I guess I can stop saving for it. I already had like $200 squirrelled away.

Thanks to Justin!

Lessons From the Screenplay celebrates 1M subscribers with Adaptation analysis/parody

Video essayist Michael Tucker's YouTube channel Lessons From the Screenplay recently hit the 1 million subscriber mark, and he celebrated in a pretty nifty way: by analysing Adaptation, in the form of a short film about Tucker trying to figure out how to make a video analysing Adaptation. Surpisingly it's actually pretty great!

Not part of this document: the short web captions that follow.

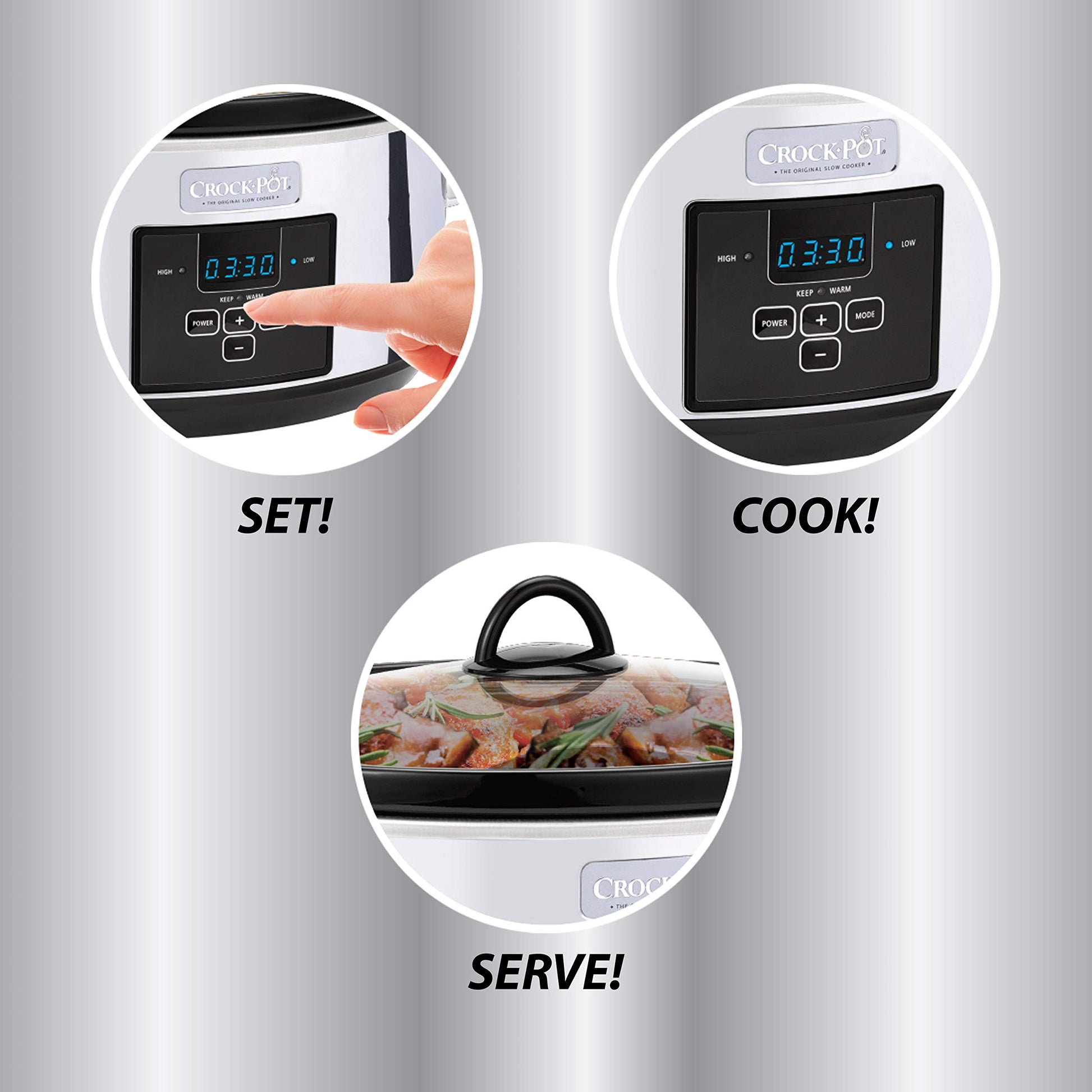 Crock-Pot - Olla de cocción lenta programable de 7 cuartos con temporizador digital, calentador de alimentos, platino pulido, perfecta para comidas diarias y entretenimiento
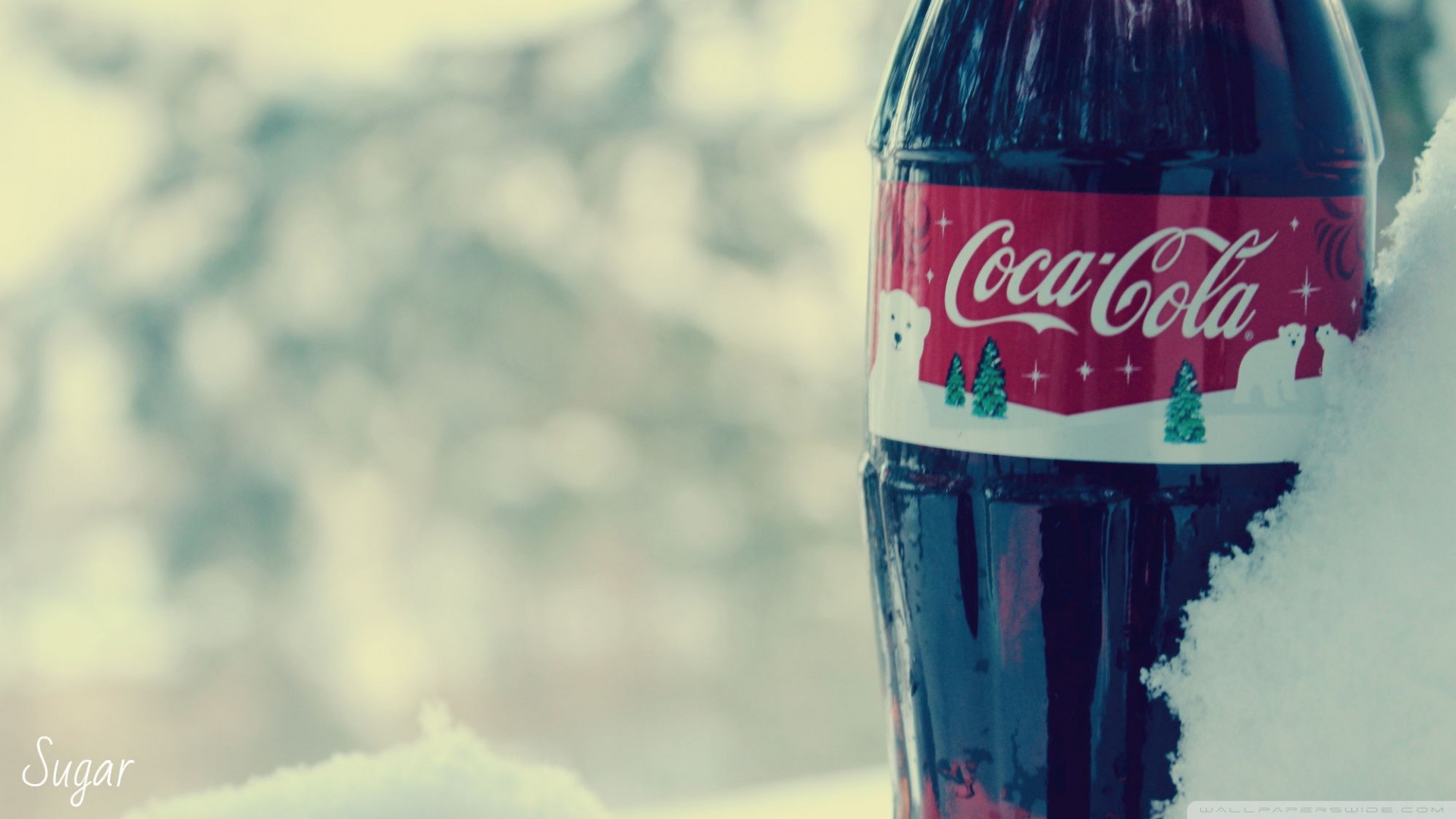 Coca-Cola, Bottiglia natalizia, Neve, Inverno, Full HD, sfondo per PC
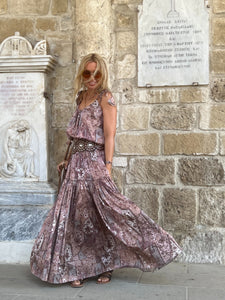 KARIATIDE MAXI DRESS/ Cafe Latte:  beige+dusty rose silk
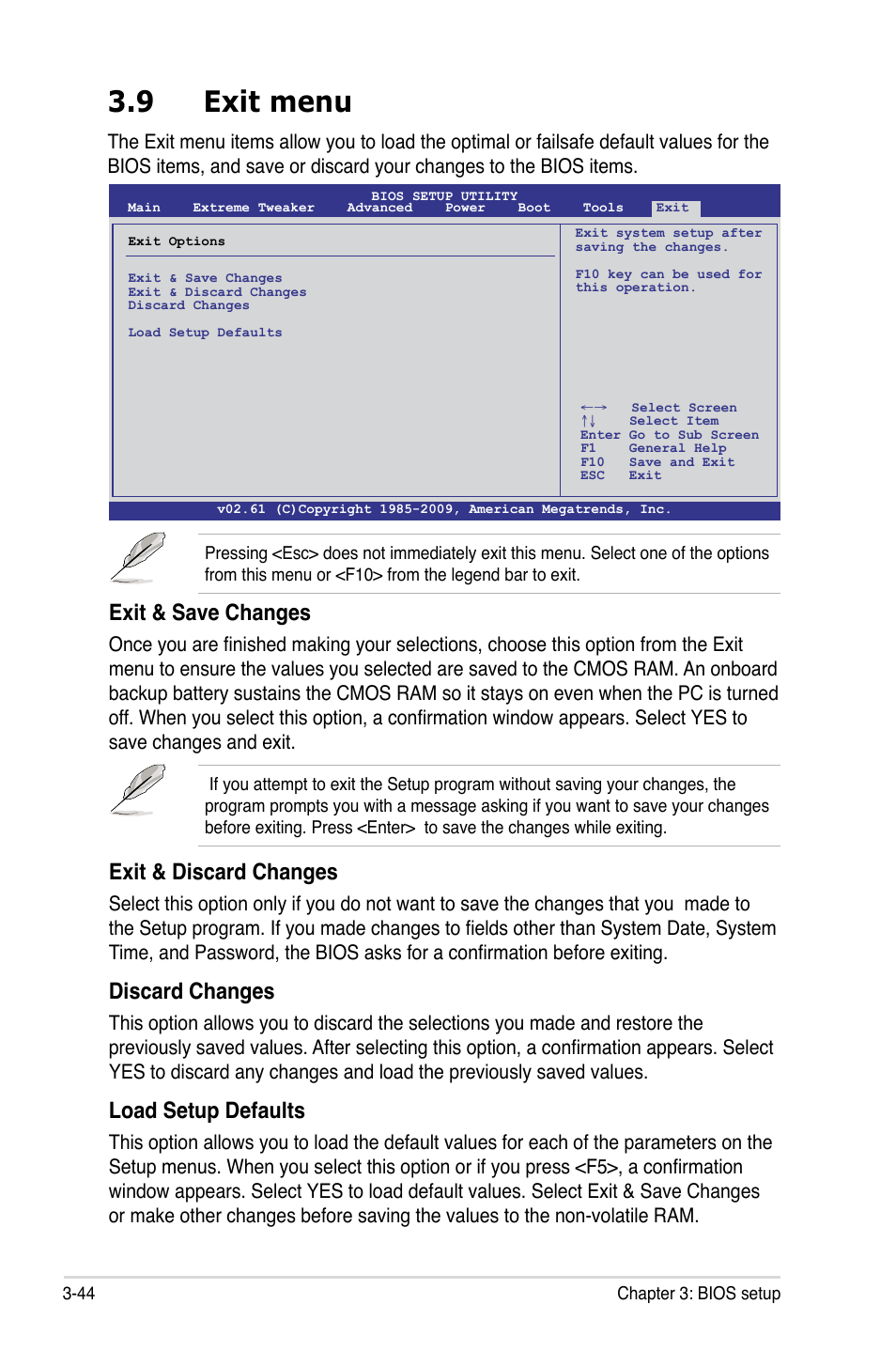 9 exit menu, Exit & save changes, Exit & discard changes | Discard changes, Load setup defaults | Asus Maximus III Formula User Manual | Page 118 / 172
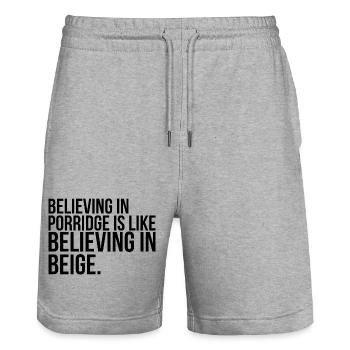 GIUDAN Porridge Hater - like believing in Beige - Stanley/Stella Trainer Unisex Organic Jogging Shorts - heather grey - Front - Nik (191cm) & Marisol (170cm)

Self-referential work is really easy to create (I say this from personal experience, and from seeing a lot of stuff inspired by Adaptation), but it's difficult to do well (also personal experience and seeing a lot of it in my Inbox) and it's always much better if there's a reason for going all self-referential. This one ticks the boxes. Plus Tucker gives some good insight into Charlie's film, which is the point of the whole thing.

 

For Sale: Charlie's Pasadena bungalow

For $2.595 million, you can have CK's Pasadena bungalow. 109 years old in the Arroyo area, 1/4 acre, 4 bedrooms, 3.5 bathrooms,  2-bed/1-bath guesthouse, terraced gardens, yadda yadda. More info and pics here.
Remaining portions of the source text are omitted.